聖痕 (新潮文庫)
聖痕 (新潮文庫) / 感想・レビュー
優希
数奇な「聖人伝」とでも言うべきでしょうね。内容はさておき、その文章に駆使された雅語や隠語から、筒井サンは相当楽しんで書いてらしたのではないかと思わされます。性器を切断された少年の成長譚でありながら、背徳に染まった物語としても読める作品。会話が一切ないのに小説として成り立つのがある意味凄いところです。
2017/11/05
つねじろう
誰をも魅了してしまう貴夫は5歳で局部を切り取られてしまう。ゔ〜それは痛そう可哀想。色々苦労は有るものの長ずるにあたり、全く世間とは違う世界が見えてくる。それは異性に対する欲望だけでなく、その欲望を根源とする文学、美術、音楽に不感症となりそれ自体が嘘くさかったり、全く価値のない物に思えてしまう。唯一残された感覚は食感だなんて。そうこれは筒井康隆らしい自身がそういう歳になってるからの居直りパロディ的要素も充分匂う。でも文章は枕詞乱発の三島由紀夫的美文調。時代の世相も折り込みつつ色々楽しませてくれる本でした。
2015/12/13
ねりわさび
局部を悪人に切断された美青年が芸術も解する料理人となり怨みすら赦す精神的階梯へ到達する小説。テレビ連続ドラマのような詰め込みすぎな展開が気にかかるにせよ、筒井氏の息子をモデルにした実験的作品という近作に通底するスタンスは変わらない。興味深く読み終わりました。
2020/05/21
harass
この作家の本を新刊で買うのは数年ぶり。独特のドライブ感のある文体は健在で久しぶりに酔いしれる。読書の快楽というか、快楽の読書というか一気に読む。どういう風に話しを締めるのかと考えていたが、少し拍子抜け。いろいろ読後に考えてみるとなるほどと思うのだが…… 初めてこの作家の作品を読む人には強くおすすめするほどではない。まあ読んで損はないのだが。
2016/01/30
№9
何やら淫靡な物語のようだがそうではない。葉月貴夫はリピドーに支配されることのない肉体を持ち得たがゆえ、触れたくてもふっとすり抜けてしまうような透徹した人格を獲得する。その半生の語りには古文調や古語や枕詞が散りばめられ、思いのほか淡白だ。
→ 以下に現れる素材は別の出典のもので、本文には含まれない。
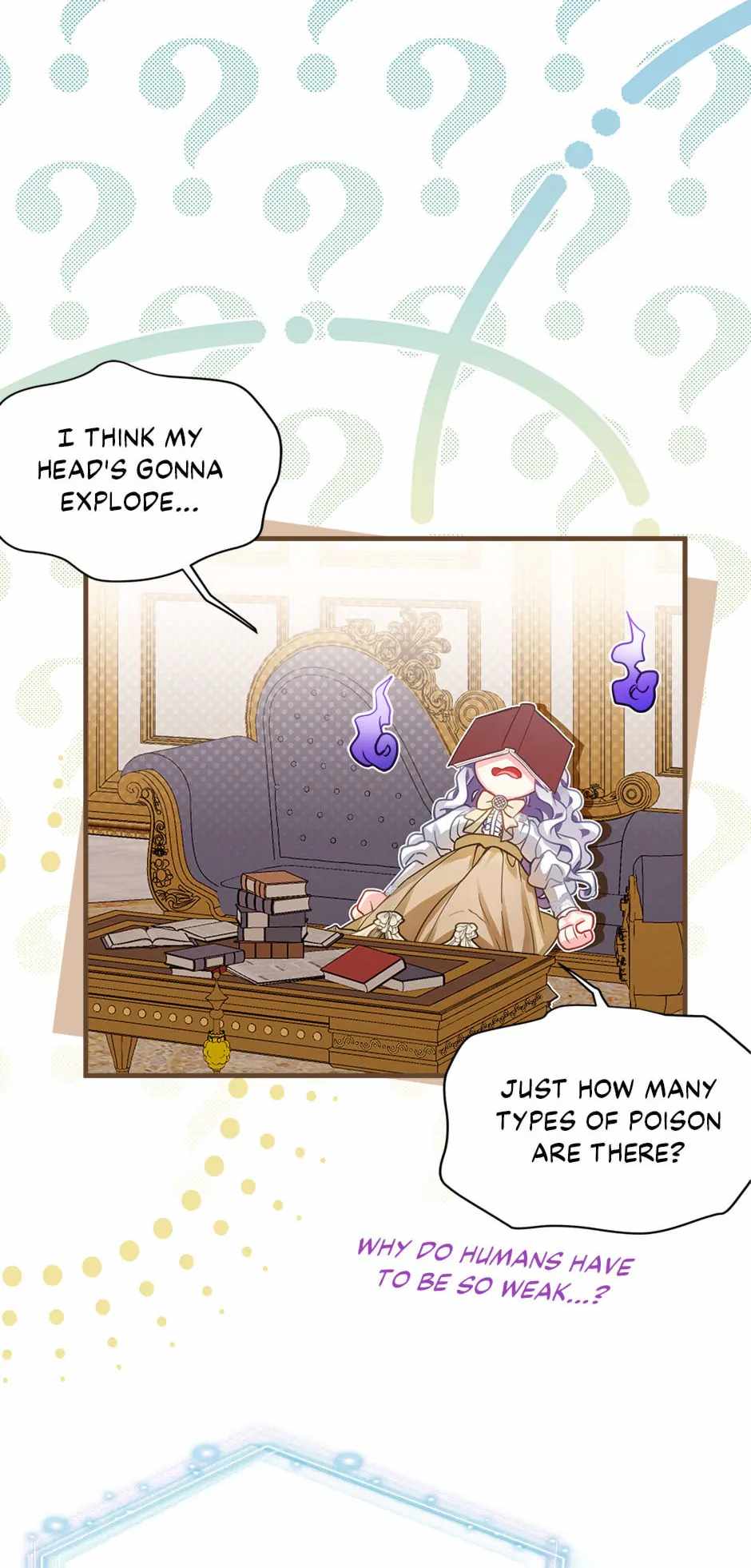 I’m the Stepmother, but my Daughter is too Cute Chapter 96 page 14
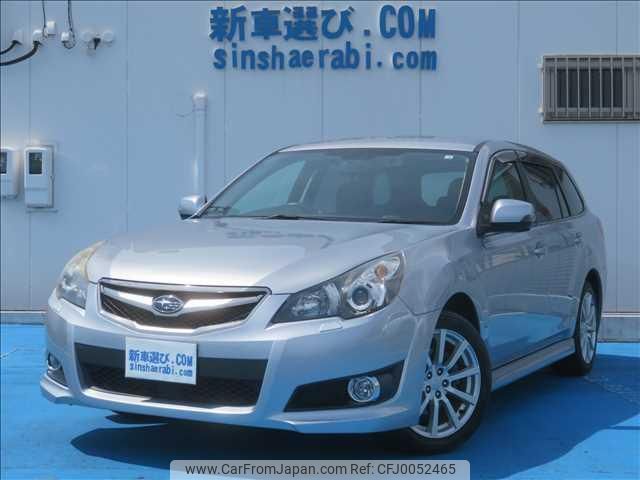 subaru legacy-touring-wagon 2012 GOO_JP_988024072800601994001 image 1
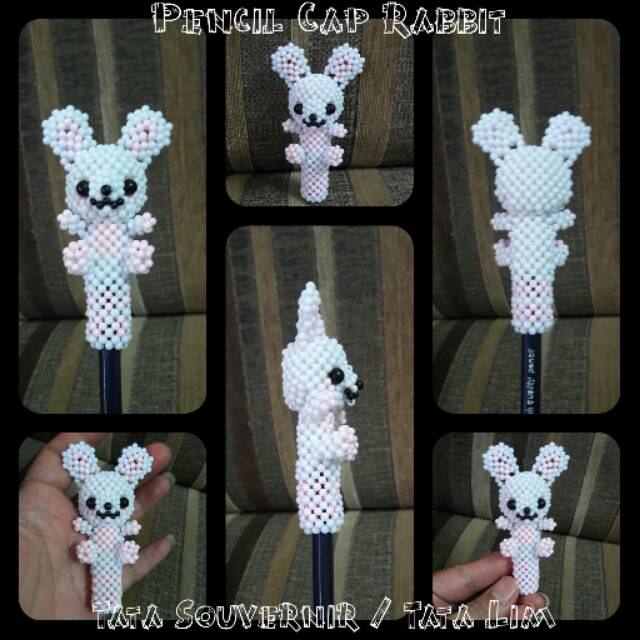 

Sarung Pensil Rabbit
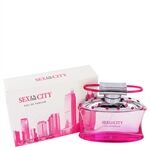Sex In The City Love by Unknown - Eau De Parfum Spray (New Packaging Unboxed) 100 ml - naisille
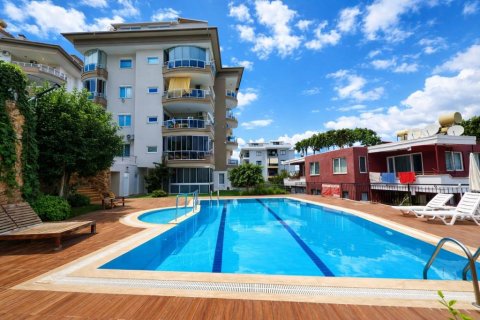 Wohnung  in Oba, Antalya, Türkei Nr. 216431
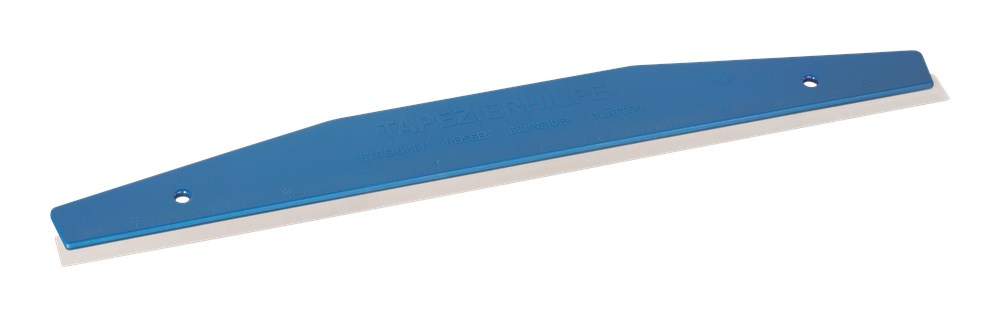 Afsnijlineaal inox 60cm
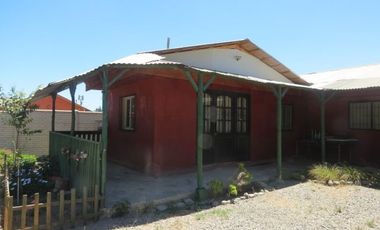 Casa en Venta en Calle Los Boldos Parcela 57 Sitio 3 Comunidad Pachamama Sector El Triangulo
粗暴な弟や性愛の館と化した美食レストランの面々、執拗につきまとう同性愛者などの彼らの内面も深くは掘り下げられない。なぜならこの文体が貴夫自身の紡ぐ言葉であるからだ。「それ」以外さしたる物語でもないのに読ませるのは、そんな貴夫の到達した境地を追体験させられるからかもしれない。